Work to complete: From the top of the records below down to the line containing "Flagge von Wales, Cardiff, Wales, Vereinigtes", reproduce every line exactly.

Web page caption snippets
================

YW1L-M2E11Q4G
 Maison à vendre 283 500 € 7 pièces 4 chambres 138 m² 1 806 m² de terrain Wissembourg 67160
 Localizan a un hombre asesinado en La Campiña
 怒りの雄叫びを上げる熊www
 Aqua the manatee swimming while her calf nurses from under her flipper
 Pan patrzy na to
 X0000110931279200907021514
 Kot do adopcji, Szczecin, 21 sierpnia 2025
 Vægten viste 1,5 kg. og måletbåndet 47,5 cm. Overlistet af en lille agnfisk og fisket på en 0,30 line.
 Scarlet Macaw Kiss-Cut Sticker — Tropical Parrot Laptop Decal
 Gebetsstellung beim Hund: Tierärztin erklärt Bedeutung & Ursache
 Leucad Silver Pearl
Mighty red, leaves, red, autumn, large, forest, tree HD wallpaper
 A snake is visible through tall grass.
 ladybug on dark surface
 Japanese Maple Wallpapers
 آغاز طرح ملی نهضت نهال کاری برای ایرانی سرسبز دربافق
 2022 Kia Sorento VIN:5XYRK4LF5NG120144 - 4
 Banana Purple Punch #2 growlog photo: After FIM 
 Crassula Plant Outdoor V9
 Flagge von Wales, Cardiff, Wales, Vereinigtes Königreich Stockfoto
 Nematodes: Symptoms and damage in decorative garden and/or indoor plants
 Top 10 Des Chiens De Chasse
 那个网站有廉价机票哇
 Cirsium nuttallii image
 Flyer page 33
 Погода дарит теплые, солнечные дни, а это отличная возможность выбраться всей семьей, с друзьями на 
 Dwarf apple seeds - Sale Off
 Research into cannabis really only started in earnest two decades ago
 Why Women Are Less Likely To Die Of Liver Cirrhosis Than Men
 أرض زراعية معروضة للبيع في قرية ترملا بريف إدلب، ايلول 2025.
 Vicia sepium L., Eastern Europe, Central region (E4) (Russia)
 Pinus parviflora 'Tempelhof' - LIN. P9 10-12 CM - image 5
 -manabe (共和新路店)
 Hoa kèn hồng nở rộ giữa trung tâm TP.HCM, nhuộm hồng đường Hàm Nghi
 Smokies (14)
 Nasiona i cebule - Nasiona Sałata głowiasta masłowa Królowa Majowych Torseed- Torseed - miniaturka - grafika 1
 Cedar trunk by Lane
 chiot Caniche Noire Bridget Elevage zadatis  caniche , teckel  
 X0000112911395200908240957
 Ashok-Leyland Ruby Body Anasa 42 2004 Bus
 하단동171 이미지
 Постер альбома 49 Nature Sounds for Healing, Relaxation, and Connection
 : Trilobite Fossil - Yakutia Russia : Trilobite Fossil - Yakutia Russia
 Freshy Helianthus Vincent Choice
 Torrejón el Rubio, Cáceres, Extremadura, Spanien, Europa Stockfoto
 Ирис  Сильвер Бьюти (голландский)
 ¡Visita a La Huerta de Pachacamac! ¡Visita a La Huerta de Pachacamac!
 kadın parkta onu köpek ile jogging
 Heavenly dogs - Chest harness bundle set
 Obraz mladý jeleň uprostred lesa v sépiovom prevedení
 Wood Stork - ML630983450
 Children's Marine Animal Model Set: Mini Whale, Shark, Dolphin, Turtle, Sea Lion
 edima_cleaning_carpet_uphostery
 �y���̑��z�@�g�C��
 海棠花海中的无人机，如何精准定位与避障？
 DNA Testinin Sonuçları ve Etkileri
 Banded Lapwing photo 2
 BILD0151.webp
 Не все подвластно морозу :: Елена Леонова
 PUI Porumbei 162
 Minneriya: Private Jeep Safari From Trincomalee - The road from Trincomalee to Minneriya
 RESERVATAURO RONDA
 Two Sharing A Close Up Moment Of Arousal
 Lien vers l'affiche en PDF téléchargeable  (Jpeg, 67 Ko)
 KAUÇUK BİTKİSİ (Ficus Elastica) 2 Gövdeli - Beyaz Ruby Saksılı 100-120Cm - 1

================

Solution for this exercise:
YW1L-M2E11Q4G
 Maison à vendre 283 500 € 7 pièces 4 chambres 138 m² 1 806 m² de terrain Wissembourg 67160
 Localizan a un hombre asesinado en La Campiña
 怒りの雄叫びを上げる熊www
 Aqua the manatee swimming while her calf nurses from under her flipper
 Pan patrzy na to
 X0000110931279200907021514
 Kot do adopcji, Szczecin, 21 sierpnia 2025
 Vægten viste 1,5 kg. og måletbåndet 47,5 cm. Overlistet af en lille agnfisk og fisket på en 0,30 line.
 Scarlet Macaw Kiss-Cut Sticker — Tropical Parrot Laptop Decal
 Gebetsstellung beim Hund: Tierärztin erklärt Bedeutung & Ursache
 Leucad Silver Pearl
Mighty red, leaves, red, autumn, large, forest, tree HD wallpaper
 A snake is visible through tall grass.
 ladybug on dark surface
 Japanese Maple Wallpapers
 آغاز طرح ملی نهضت نهال کاری برای ایرانی سرسبز دربافق
 2022 Kia Sorento VIN:5XYRK4LF5NG120144 - 4
 Banana Purple Punch #2 growlog photo: After FIM 
 Crassula Plant Outdoor V9
 Flagge von Wales, Cardiff, Wales, Vereinigtes Königreich Stockfoto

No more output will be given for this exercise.